For a higher level API based on django-ltree-field, consider using a prebuilt model from django-ltree-utils.

It should be possible to re-implement the django-treebeard API, allowing for drop-in compatibility, but that is not a specific goal at this time. If someone starts this, let me know and I will provide some assistance.

Documentation

The full documentation is at https://django-ltree-field.readthedocs.io.

Quickstart

Install PostgreSQL LTreeField for Django:

pip install django-ltree-field

Add it to your `INSTALLED_APPS`:

INSTALLED_APPS = (
    ...
    'django_ltree_field',
    ...
)

Add an LTreeField to a new or existing model:

from django_ltree_field.fields import LTreeField

class SimpleNode(models.Model):
    path = LTreeField(index=True, unique=True)

    class Meta:
        ordering = ['path']

Features

  • Implements only the bare minimum to make the ltree PostgreSQL type usable
  • LTreeField accepts a string of dotted labels, or a list of labels
  • The ltree type is adapted to a Python list
  • Relatively complete set of lookups and transforms.

Non-Features

  • Does not implement an abstract "Node" model which has a nicer API (See django-ltree-utils for ready-made classes and managers)
  • Does virtually no sanity checking.

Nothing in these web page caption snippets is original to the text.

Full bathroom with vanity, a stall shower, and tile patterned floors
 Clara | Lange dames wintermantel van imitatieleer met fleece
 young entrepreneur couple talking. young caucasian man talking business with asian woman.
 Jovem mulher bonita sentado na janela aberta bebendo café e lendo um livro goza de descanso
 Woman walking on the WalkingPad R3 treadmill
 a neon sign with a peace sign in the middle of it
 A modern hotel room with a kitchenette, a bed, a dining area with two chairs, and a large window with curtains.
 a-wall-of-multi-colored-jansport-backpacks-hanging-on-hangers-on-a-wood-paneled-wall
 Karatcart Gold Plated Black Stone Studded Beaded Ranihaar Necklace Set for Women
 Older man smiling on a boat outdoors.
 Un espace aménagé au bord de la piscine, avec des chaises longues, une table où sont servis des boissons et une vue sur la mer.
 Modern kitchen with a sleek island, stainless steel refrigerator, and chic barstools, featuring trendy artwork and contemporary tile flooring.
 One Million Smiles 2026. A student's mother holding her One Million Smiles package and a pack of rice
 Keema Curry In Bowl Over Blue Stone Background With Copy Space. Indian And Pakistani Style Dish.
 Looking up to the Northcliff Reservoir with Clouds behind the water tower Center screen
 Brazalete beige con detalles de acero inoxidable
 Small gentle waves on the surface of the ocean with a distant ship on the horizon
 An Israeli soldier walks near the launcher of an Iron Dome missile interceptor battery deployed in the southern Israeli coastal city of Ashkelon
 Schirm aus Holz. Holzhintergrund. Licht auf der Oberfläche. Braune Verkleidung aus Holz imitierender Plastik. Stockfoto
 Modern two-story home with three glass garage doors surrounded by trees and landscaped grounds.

You can insert nodes without roots, and generally put the tree in a bad state
  • PostgreSQL compatibility only

Future Features

I will happily accept minimal features required to make the field be reasonably usable. In particular, every operator, function, and example on the official PostgreSQL docs should be implemented with Django's ORM, with no RawSQL or non-idiomatic code.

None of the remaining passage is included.